How To Get Started Making Your Own Bullet Journal
If you’re a lover of all things organized, then you’ve probably already heard about the bullet journal. And if you haven’t, do I have some great news for you. A bullet journal allows you to create your own journal and customize it just for you.
Ready to learn how to make your bullet journal? Let’s get started.
What Is a Bullet Journal?
How many planners have you had that didn’t quite fit your life or schedule? Most of us who use planners have to tweak them to make them work for our lives.
And that’s the magic behind bullet journals.
A bullet journal is a planner that you create for yourself. It perfectly aligns with your needs because only you know what your planner should look like. It doesn't just help you plan, either -- a bullet journal helps you keep track of your past, schedule the now, and plan for the future.
In other words, it a traditional planner on steroids!
Here's a good video that explains the concept:
Here’s the best thing: It doesn’t have to cost a fortune to make a bullet journal. In fact, you can do it for under $10.

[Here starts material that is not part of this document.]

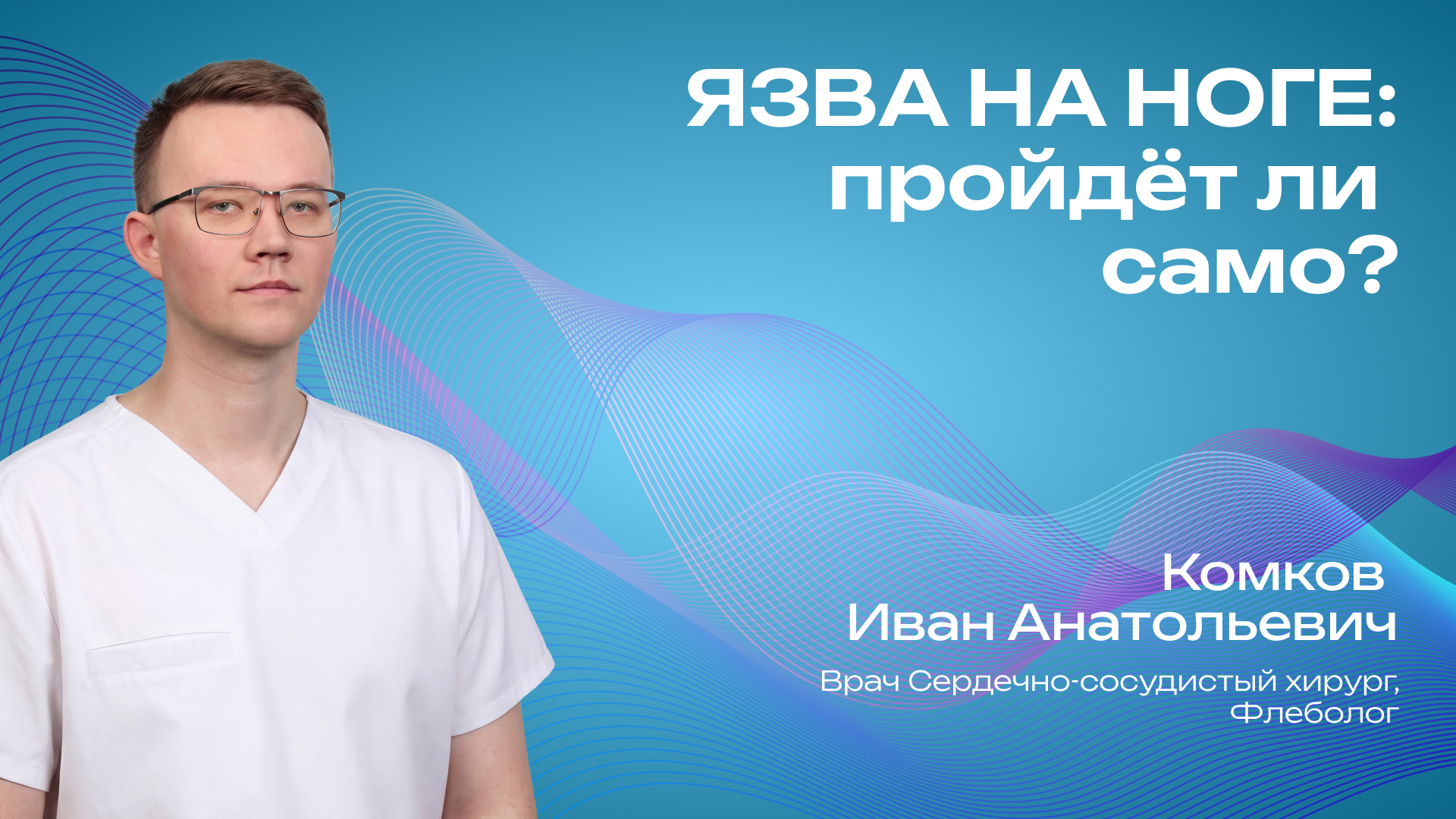 Превью для видео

How to Get Started with a Bullet Journal
Before you start making your bullet journal, there are a few things you should know. After all, you’ll go from using a store-bought journal that isn’t exactly right for your life to one that is perfect in every way.

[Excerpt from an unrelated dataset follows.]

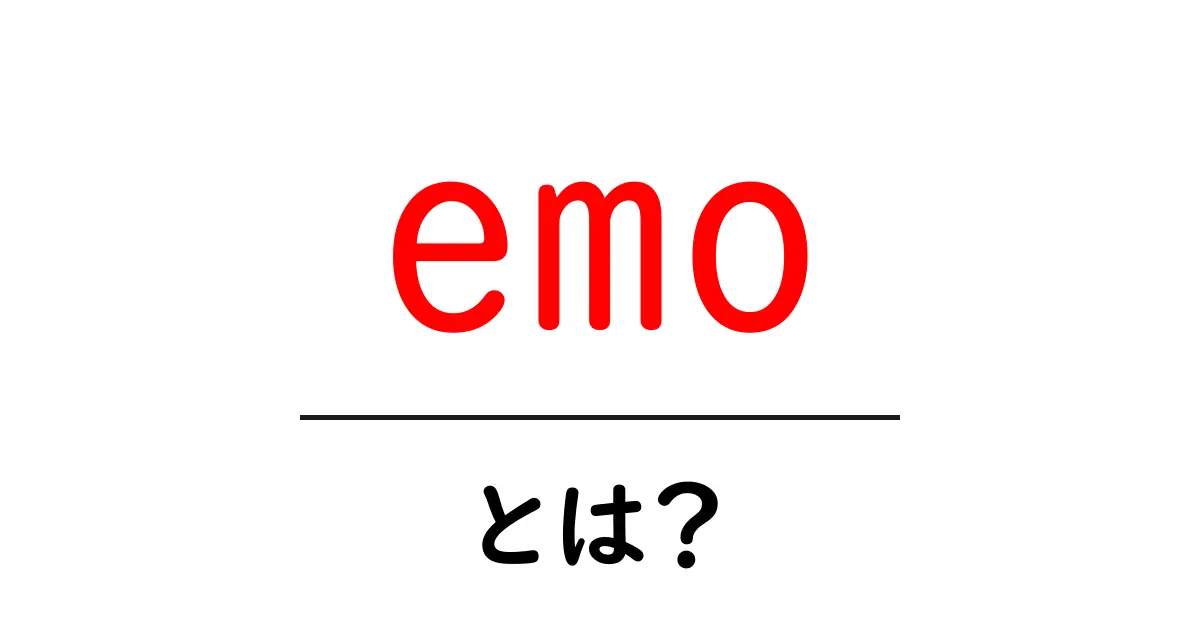 emoとは？初心者が知っておくべき意味・起源・使い方ガイド共起語・同意語・対義語も併せて解説！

However, change is change. And to make this one successful, think about the following habits you should adopt.
Not so fast
Have you ever gone back to read your handwriting when you’d written it in a hurry? If you’re like me, it’s almost indecipherable. The point of making a bullet journal is to organize your life in a way that makes sense for you.
And if you can’t read it, that kind of defeats the purpose.
So, slow down. Write neatly in your bullet journal, so all the work you put into organizing your days and weeks won’t be lost in translation.
You’ll probably flip
You will need to create an index when making a bullet journal, but many users say they often flip through the book instead referring to the index every time they want to find something. And that’s why you use larger writing and bolding. For instance, bold your headlines so you can easily find them as you flip through your bullet journal.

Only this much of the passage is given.